I spent around $100 on the mud. So $900/20= $45/hr. That works for me just fine, I'd say I made out well just wondering about other people's average bids and if I was bidding competitively. The job was a 2 coat, I'm curious as to how much to raise for a 3 coat or a level 5 full skim if I happen to run into one. I guess I'll just break the $1000/2500 sq ft rate down to daily pay times # of days, adding 1 day for a 3 coat and 2 days for a level 5. Sounds simple enough. Hey, I just answered my own question. 

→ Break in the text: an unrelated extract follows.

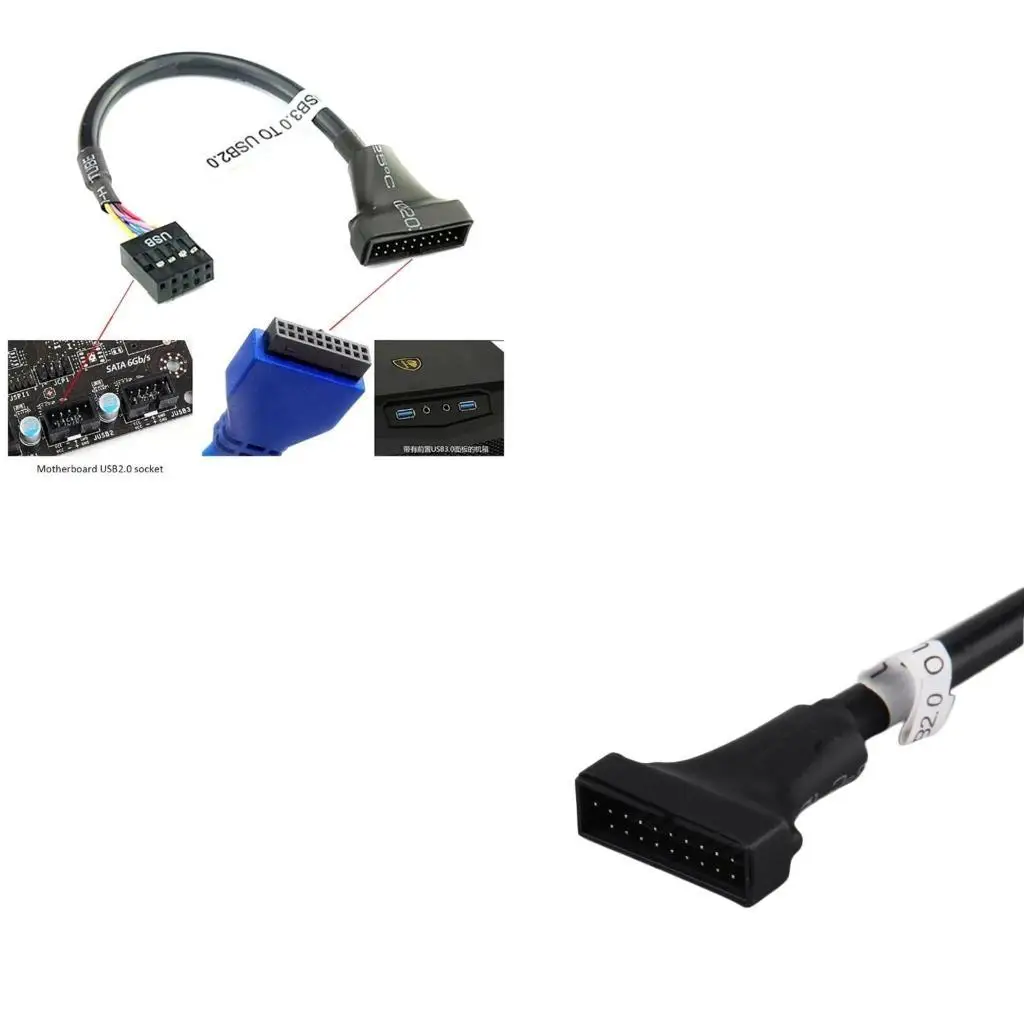 

R53C USB3.0 20Pin to 2.0 9pin Converter Cable/ USB2.0 to-3.0 Adapter Cord PC Chassis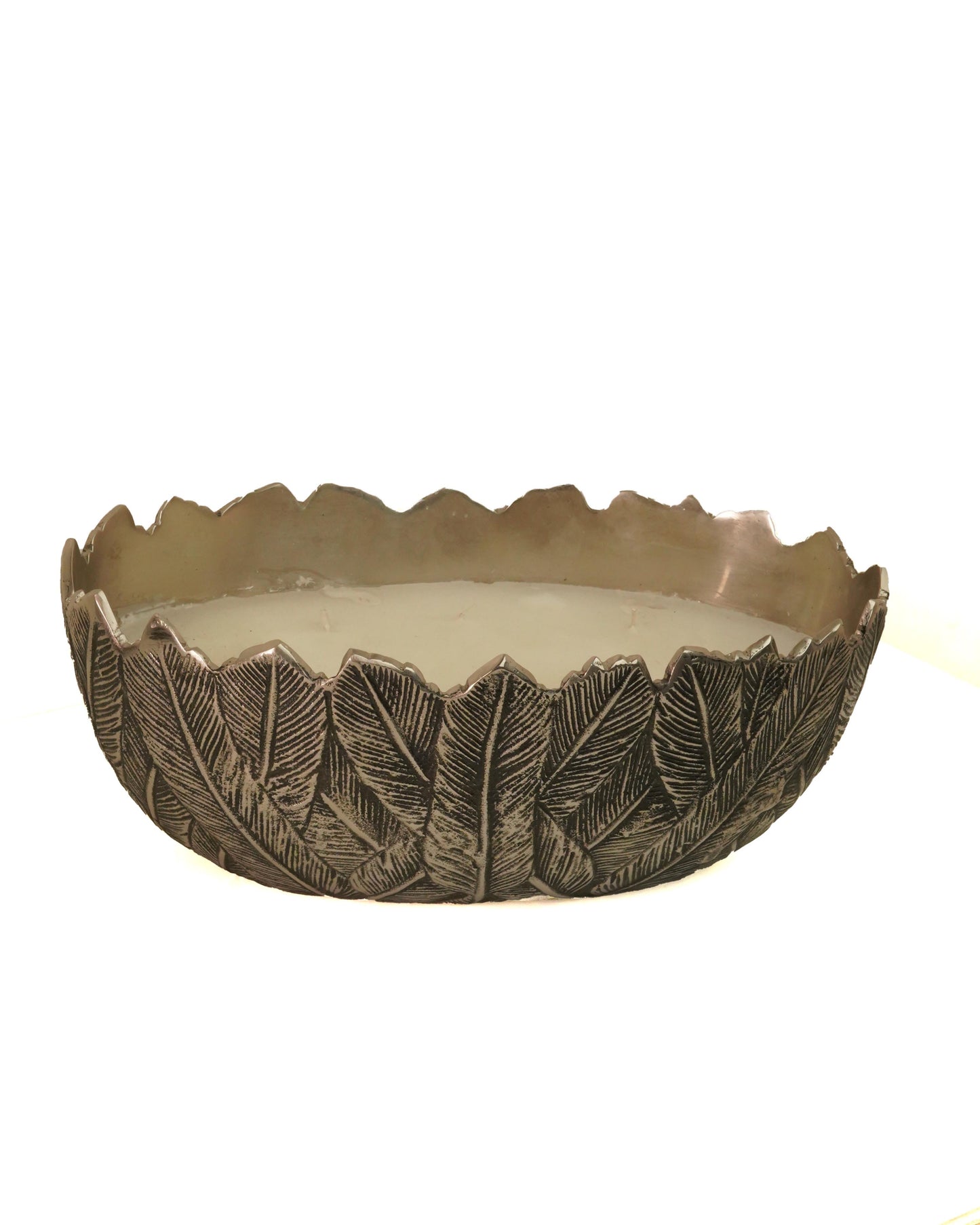 Decorative Aluminum Leaf Bowl Candle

Or better yet, I should forget 2 coating and 3 coat every job I do from now on. I'd rather be known for 3 coat quality than for my old day job of working at the old boss' level of quality and passing a 2 coat off as "looking good enough". That doesn't fly. I think I just left that behind. :thumbsup:


----------



## cdwoodcox (Jan 3, 2011)

guitarrick said:


> I spent around $100 on the mud. So $900/20= $45/hr. That works for me just fine, I'd say I made out well just wondering about other people's average bids and if I was bidding competitively. The job was a 2 coat, I'm curious as to how much to raise for a 3 coat or a level 5 full skim if I happen to run into one. I guess I'll just break the $1000/2500 sq ft rate down to daily pay times # of days, adding 1 day for a 3 coat and 2 days for a level 5. Sounds simple enough. Hey, I just answered my own question.
> 
> Or better yet, I should forget 2 coating and 3 coat every job I do from now on. I'd rather be known for 3 coat quality than for my old day job of working at the old boss' level of quality and passing a 2 coat off as "looking good enough". That doesn't fly. I think I just left that behind. :thumbsup:


 Sounds like a good plan to me. Better to be known for quality than price.:thumbsup:


----------



## SlimPickins (Aug 10, 2010)

cdwoodcox said:


> Sounds like a good plan to me. Better to be known for quality than price.:thumbsup:


Ab-so-f$#&ing-lutely. I get more hires for quality than I do for cheap. 

And the cheap ones still get quality, it's just covering up the not-quality :laughing:


----------



## moore (Dec 2, 2010)

Better to be known for quality than price.:thumbsup: 

Yes ,,, thanks:yes:


----------